Alguém vai quebrar a sua marca de 20 anos?

Alguém vai alcançar essa marca. Vai surgir alguém, sem dúvida, mas não sei se alguém vai ficar todo esse tempo. Há décadas atrás, era uma coisa natural, normal. Hoje, com a globalização, é tudo mais complicado.

Técnico mais importante em sua carreira no São Paulo?

Todos tiveram sua parcela, mas sem dúvida, gostaria de falar do Telê Santana. Convivi com ele de setembro de 1990 a 1995. Foi quem me lançou no time profissional, que me ensinou muito. Era rígido demais com os jogadores, mas nunca deixou de ser correto com quem realmente trabalhava. Ele era meu parceiro de tênis. Naquela época era diferente. Os solteiros concentravam às 18h e os casados às 22h .Ele pedia para o segurança avisá-lo quando eu chegava, ligava no meu quarto e falava: 'Vamos jogar? Como eu iria recusar esse pedido?' (risos). Lembro de uma vez que ele me chamou a atenção no CT. Eu estava sentado em cima da mesa da telefonista e ele me disse. 'Na sua casa você senta em cima da mesa?' Isso mostra que no fundo ele tinha razão. Era um cara fantástico. Tenho uma admiração não só pelos títulos que ele conquistou, mas pelo jeito que ele conquistou. É um nome gravado para sempre na minha memória.

No futuro pretende ser presidente?

Ser presidente não é algo natural. Quero poder ajudar o São Paulo da maneira que eu puder. Não é uma profissão. Se um dia acontecer, a gente vê. A vida prepara surpresas. Tem gente mais preparada que eu para isso .Espero ajudar o São Paulo da melhor maneira possível.

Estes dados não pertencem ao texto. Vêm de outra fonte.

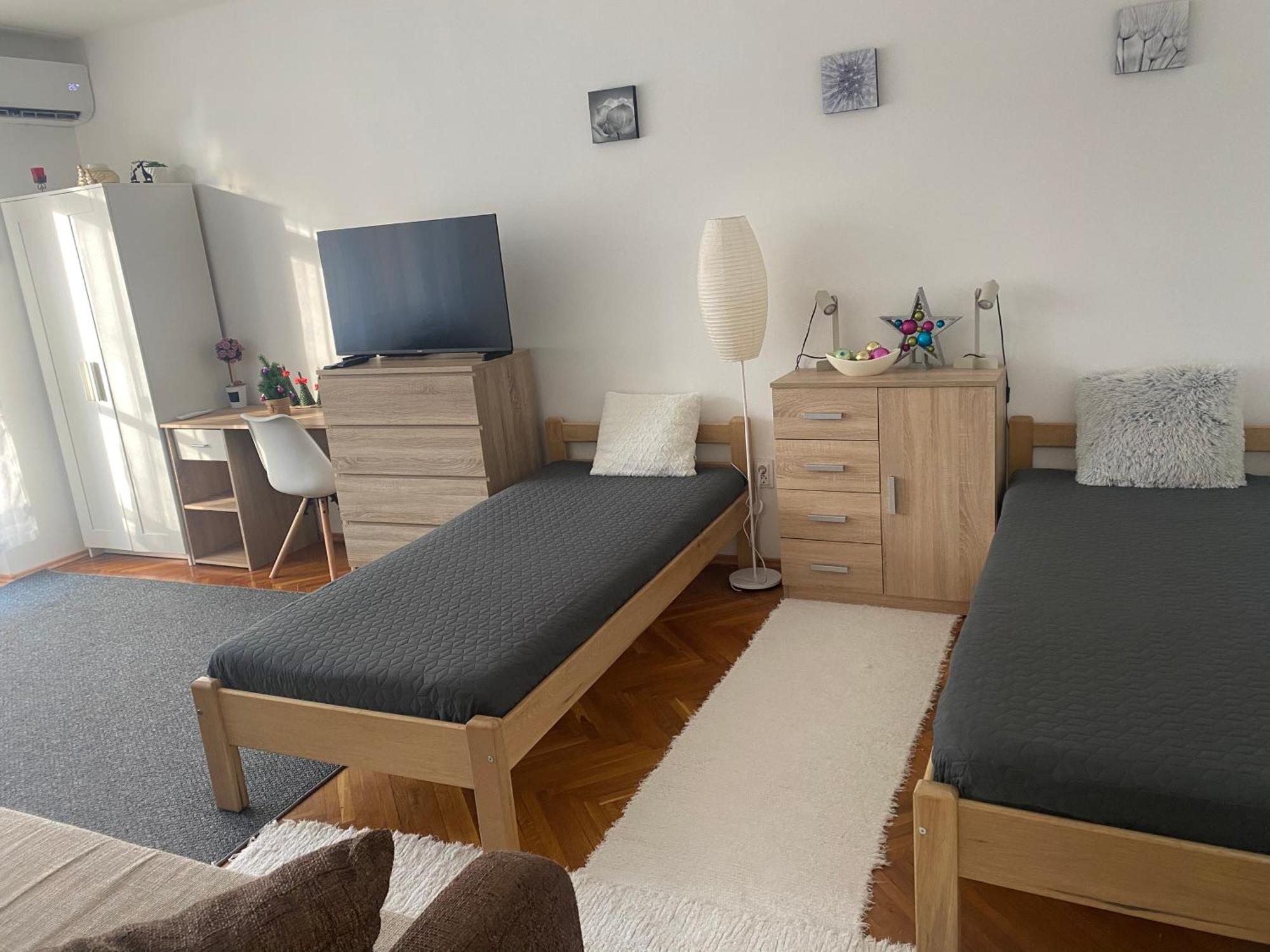 Koezponti Apartman Kiskunfélegyháza Exterior foto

Que avaliação faz de Sérgio Baresi?

Ele tem uma personalidade que precisa ser destacada. Com 37 anos, resolveu assumir uma obrigação que muitos recusariam. Eu mesmo não sei se estaria pronto. Ele é um cara muito trabalhador, estivemos juntos no início da carreira e, após um período muito ruim, o time começou a dar sinais de reação. Quem acha que eu interfiro na escalação dele não sabe nada. Ele escala, ele mexe, ele é o treinador. Eu apenas falo o que acho que seja necessário. Errado seria se eu falasse para ele tirar um jogador e botar outro. Isso eu nunca vou fazer.

Vai jogar bem até o final do contrato? Existe a chance de renovar?

Me sinto bem, super em forma. Apesar de algumas falhas, acredito que nas 924 partidas que estive em campo até agora, tenha mantido uma média muito boa. Tenho contrato até dezembro de 2012, a não ser que aconteça alguma lesão grave como em 2009. Hoje estou superbem e te diria que posso jogar até os 50 anos. Lá em 2012, a gente vê o que acontece - disse o jogador.